▸ Assignment: The expected answer is a bare count of the lines in the data below that contain "Pleated".

= = =

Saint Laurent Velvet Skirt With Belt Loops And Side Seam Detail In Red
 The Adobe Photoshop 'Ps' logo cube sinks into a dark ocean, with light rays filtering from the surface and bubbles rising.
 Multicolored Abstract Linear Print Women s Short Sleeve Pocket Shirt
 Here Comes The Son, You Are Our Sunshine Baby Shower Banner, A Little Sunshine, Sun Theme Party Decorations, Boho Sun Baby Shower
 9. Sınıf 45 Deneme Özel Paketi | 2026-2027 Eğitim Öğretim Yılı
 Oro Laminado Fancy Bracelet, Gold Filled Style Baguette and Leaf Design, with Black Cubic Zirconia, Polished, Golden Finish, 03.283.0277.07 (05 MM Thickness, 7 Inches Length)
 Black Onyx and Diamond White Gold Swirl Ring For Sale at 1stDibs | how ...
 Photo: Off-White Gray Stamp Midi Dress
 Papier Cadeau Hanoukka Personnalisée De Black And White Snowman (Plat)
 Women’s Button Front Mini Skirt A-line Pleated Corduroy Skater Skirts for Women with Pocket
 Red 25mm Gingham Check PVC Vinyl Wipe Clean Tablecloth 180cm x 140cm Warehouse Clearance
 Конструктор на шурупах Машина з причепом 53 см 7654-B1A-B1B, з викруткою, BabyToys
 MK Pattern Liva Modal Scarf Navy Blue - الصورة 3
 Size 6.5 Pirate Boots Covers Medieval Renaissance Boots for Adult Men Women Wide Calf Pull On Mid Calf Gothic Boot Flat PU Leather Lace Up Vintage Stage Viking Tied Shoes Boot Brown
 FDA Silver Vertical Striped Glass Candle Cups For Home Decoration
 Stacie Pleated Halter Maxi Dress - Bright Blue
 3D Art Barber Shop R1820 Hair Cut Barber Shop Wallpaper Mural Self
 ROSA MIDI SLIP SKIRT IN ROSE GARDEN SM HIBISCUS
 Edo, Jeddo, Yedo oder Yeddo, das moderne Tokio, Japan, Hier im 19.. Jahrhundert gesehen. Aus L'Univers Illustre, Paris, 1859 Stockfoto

= = =

▸ Solution to the problem: 2